**What is required:**
Below are records with pictures. Transcribe exactly, and only, the lines from the line with "Set of horizontal" to the line with "Multi-color Fabric Tie", both ends included, but not the pictures.

**Material for this exercise:**
========================================

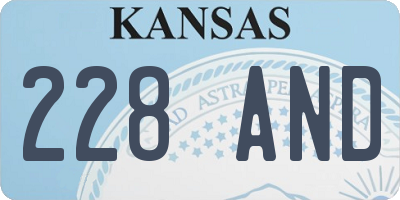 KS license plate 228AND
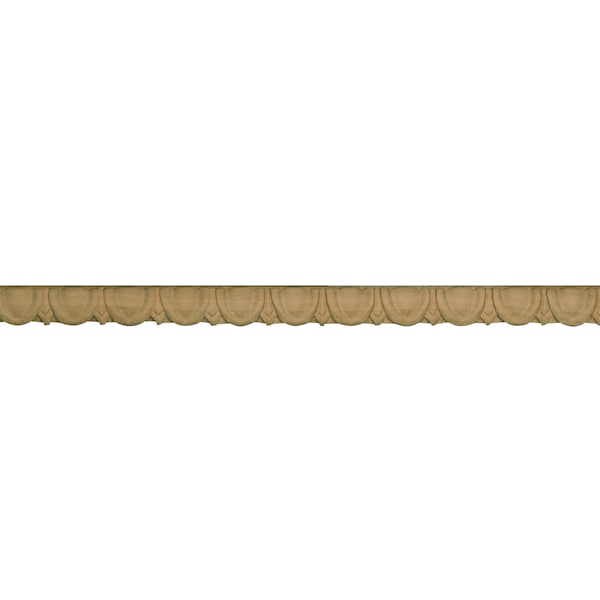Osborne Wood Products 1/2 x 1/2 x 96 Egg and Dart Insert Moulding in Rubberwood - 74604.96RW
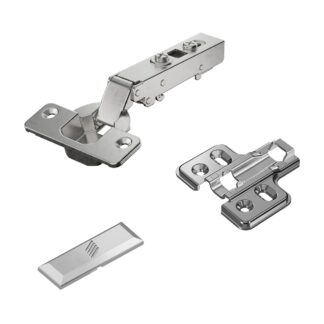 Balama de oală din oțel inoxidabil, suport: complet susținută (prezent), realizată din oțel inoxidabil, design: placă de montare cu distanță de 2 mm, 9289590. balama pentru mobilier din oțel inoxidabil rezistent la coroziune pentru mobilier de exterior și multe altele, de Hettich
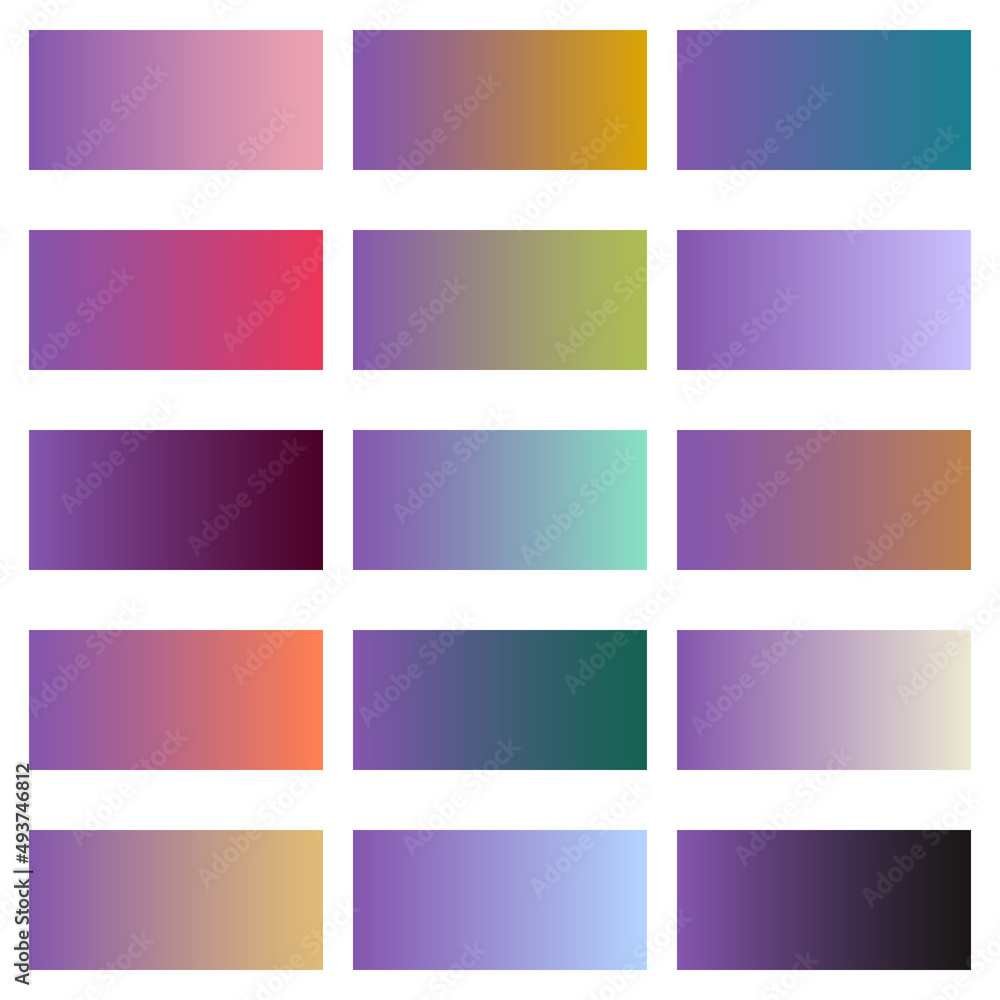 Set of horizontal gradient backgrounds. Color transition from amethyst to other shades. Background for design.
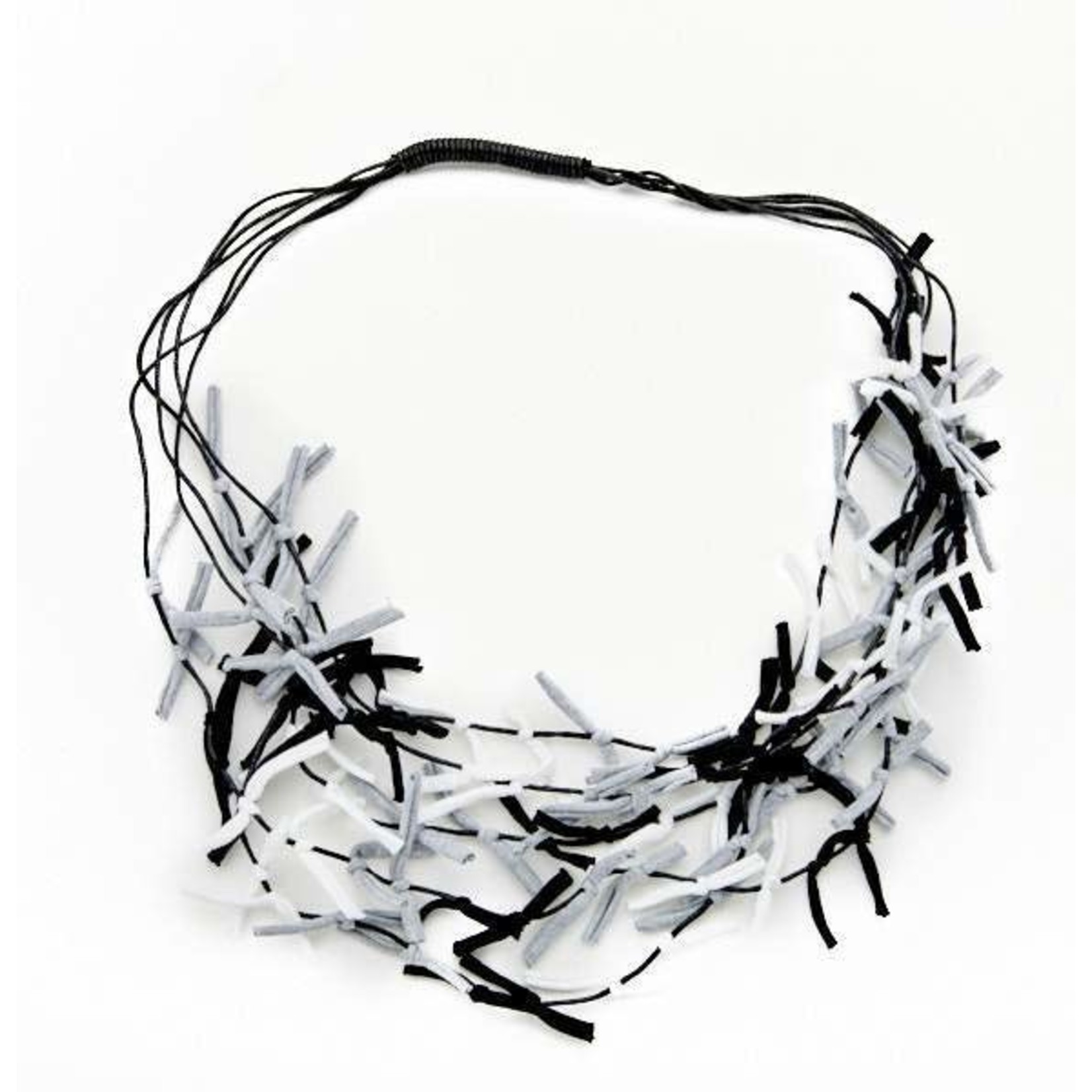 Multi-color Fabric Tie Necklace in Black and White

========================================

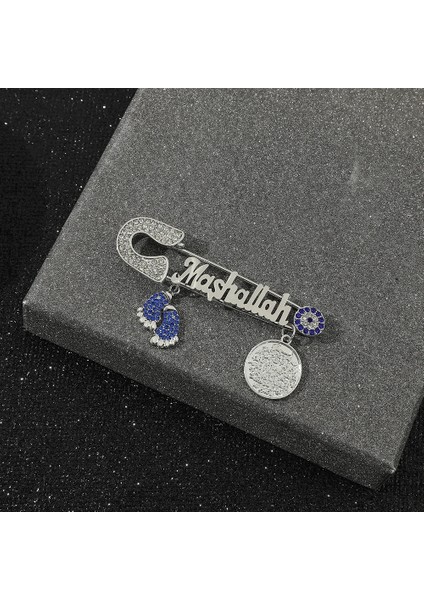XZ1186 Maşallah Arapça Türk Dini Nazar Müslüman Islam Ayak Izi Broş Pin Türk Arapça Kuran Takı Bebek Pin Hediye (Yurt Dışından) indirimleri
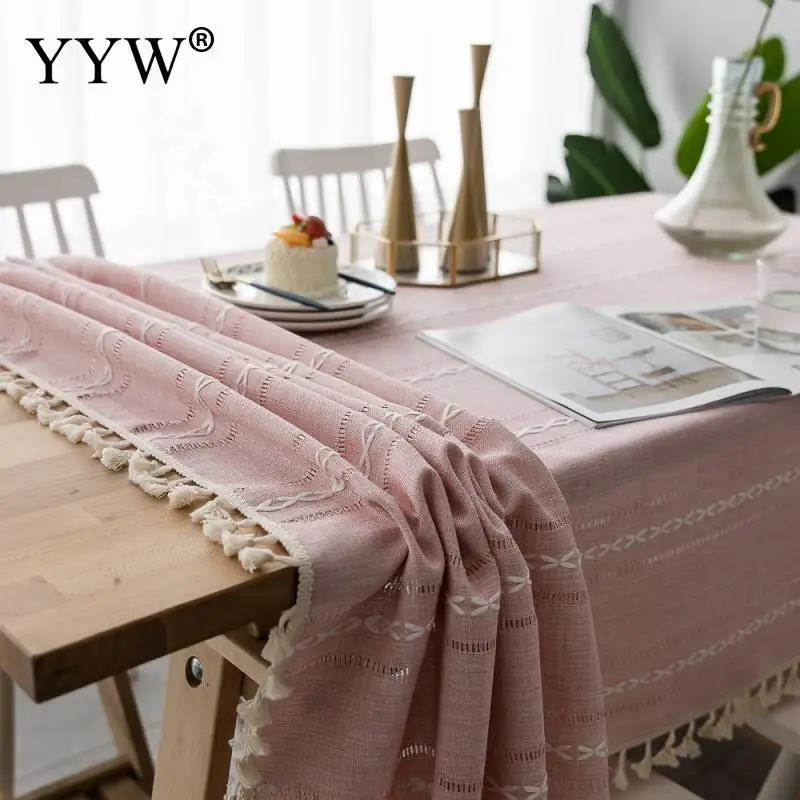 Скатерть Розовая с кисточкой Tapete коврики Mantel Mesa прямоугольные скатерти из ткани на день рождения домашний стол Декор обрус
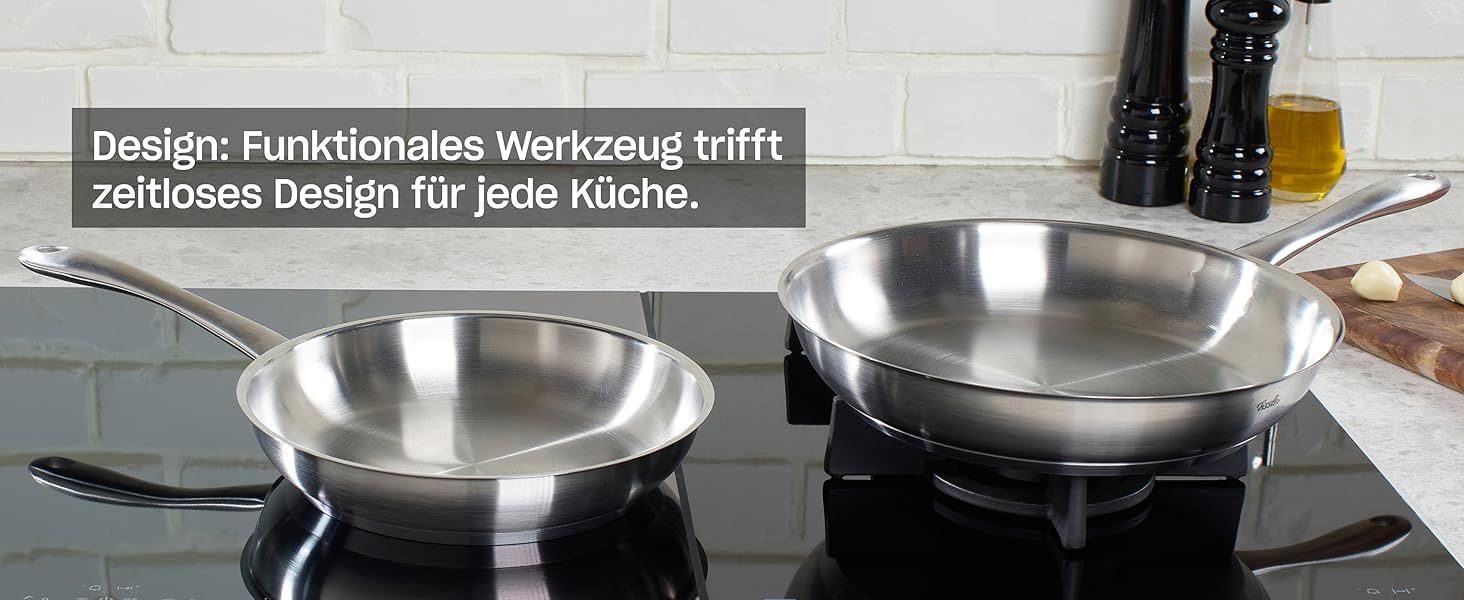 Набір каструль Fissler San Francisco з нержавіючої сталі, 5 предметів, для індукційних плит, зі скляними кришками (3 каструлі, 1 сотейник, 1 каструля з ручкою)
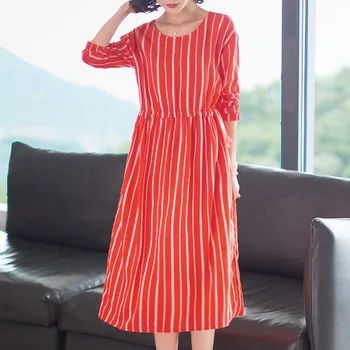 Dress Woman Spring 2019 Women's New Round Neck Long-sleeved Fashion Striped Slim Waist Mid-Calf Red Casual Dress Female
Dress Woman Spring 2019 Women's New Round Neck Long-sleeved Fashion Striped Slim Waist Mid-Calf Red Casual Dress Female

========================================

**Answer section:**
 Set of horizontal gradient backgrounds. Color transition from amethyst to other shades. Background for design.
 Multi-color Fabric Tie Necklace in Black and White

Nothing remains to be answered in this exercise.